On 6/11/06, Leigh Meyers <[EMAIL PROTECTED]> wrote:
Jim Devine wrote: > http://www.latimes.com/news/printedition/opinion/la-op-monbiot11jun11,1,45211.story > >> From the Los Angeles Times
Monbiot is overlooking an obvious solution for dispatchable electricity. Parabolic mirrors in deserts can run rankine turbines; this is being done in the California desert right now for around 11 cents a kWh. Now the advantage of this is that you store the heat to run these turbines when the sun is not shining for about $40 per kWh equivalent of capacity. That brings the price up - but not higher that nukes. So you have fully dispatchable electricity - suitable for base and load following. What about people not near deserts? Well, given that HVDC lines can move electricty up 5,000 kilometers, this is not a big problem.
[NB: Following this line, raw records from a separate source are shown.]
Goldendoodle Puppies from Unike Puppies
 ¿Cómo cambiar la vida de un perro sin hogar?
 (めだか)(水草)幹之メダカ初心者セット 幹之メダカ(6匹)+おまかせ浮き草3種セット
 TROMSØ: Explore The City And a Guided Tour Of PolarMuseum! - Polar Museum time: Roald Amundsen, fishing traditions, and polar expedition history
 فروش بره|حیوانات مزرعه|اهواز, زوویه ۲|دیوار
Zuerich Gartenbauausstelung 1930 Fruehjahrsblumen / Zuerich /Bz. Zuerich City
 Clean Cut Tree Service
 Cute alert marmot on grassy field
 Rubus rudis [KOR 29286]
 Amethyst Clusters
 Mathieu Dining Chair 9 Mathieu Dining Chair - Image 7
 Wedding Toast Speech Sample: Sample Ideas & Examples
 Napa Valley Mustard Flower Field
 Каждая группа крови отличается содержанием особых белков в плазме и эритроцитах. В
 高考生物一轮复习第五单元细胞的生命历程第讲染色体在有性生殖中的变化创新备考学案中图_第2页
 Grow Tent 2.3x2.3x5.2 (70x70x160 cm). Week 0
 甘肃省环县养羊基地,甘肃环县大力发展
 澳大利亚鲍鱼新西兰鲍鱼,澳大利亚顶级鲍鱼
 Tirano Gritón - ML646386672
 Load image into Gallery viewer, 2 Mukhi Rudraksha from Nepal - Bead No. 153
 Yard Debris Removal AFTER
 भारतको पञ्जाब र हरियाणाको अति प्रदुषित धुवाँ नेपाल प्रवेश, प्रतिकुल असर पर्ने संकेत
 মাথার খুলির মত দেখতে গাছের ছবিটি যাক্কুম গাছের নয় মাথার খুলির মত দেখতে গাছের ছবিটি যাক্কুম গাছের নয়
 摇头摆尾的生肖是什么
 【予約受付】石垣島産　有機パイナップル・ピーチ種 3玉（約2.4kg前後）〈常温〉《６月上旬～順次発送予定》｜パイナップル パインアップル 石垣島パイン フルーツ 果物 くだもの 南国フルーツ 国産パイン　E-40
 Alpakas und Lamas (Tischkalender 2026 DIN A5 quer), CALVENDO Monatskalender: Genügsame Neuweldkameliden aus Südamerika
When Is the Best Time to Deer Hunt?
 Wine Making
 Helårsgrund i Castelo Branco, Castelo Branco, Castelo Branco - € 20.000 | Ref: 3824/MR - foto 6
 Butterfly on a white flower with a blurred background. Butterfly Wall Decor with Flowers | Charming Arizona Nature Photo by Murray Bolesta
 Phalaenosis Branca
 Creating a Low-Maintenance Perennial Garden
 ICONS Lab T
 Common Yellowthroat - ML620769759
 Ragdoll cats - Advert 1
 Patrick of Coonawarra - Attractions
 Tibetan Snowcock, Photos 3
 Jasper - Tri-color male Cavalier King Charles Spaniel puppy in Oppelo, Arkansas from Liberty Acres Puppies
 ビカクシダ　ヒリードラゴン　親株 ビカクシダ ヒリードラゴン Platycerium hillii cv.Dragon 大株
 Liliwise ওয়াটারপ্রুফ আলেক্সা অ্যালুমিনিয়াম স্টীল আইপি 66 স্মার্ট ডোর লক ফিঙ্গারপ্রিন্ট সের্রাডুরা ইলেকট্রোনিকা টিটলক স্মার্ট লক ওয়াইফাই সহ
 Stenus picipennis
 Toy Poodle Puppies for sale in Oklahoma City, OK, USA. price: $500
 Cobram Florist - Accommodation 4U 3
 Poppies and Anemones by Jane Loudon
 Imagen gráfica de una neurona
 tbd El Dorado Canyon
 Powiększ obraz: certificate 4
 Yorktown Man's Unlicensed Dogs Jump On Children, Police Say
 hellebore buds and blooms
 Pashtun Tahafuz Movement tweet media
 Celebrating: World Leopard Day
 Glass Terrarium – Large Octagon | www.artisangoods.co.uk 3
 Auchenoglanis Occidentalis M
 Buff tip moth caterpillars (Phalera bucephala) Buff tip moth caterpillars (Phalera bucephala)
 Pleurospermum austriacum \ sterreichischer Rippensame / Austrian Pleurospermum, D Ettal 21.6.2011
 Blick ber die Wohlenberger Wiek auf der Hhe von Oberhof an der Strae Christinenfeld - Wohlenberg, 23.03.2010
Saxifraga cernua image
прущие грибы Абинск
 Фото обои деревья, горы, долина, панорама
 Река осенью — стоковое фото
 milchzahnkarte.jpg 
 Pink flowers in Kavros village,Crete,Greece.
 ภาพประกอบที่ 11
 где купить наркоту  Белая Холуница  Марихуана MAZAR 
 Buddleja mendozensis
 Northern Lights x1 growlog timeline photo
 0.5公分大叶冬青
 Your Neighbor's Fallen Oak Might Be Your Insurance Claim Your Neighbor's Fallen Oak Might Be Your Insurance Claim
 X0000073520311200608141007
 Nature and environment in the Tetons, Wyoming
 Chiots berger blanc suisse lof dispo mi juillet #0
For example the nearest place to London you could put turbines is North Africa. The distance between Tripoli and London is about a bit under 2,400 kilometers. By the time you run a line via continetal Europe and the Chunnel, the distance will be a lot longer as the crow flies - but still nowhere near 5,000 kilometers.. If you count value of liablility limitations all nuke plants receive, solar electricity still remains cheaper than nuclear electricity - even before you count social costs. Of course the politics of shipping electricity from Libya to London is one hell of an obstacle; but Monbiot is arguing that there is a technical barrier, and on that he is wrong. Why is this so little noticed? I think that part of the problem is that most people who pay attention to solar have a small-is-beautiful fetish. Solar thermal electricity in the desert is large and centralized. But it is also about the only way I know of the produce large amounts of fully dispatchable renewable electricity (suitable for both base and load following). Other truly dispatchable sources (like hydro and geothermal) have very limited potential with current technology. Other sources with large potential tend to be variable; while they can be shaped up to a point by sources like hydro and geothermal; there is a limit to this. If you add electrical storage that raises the costs immensely. So after beating their heads against a wall looking for a decentralized renewable source, renewable advocates give up and turn to nuclear or coal or living in peasant huts - without ever noticing there is a reliable renewable source of solar electricity we know how to use now - that happens to be a large industrial centralized source.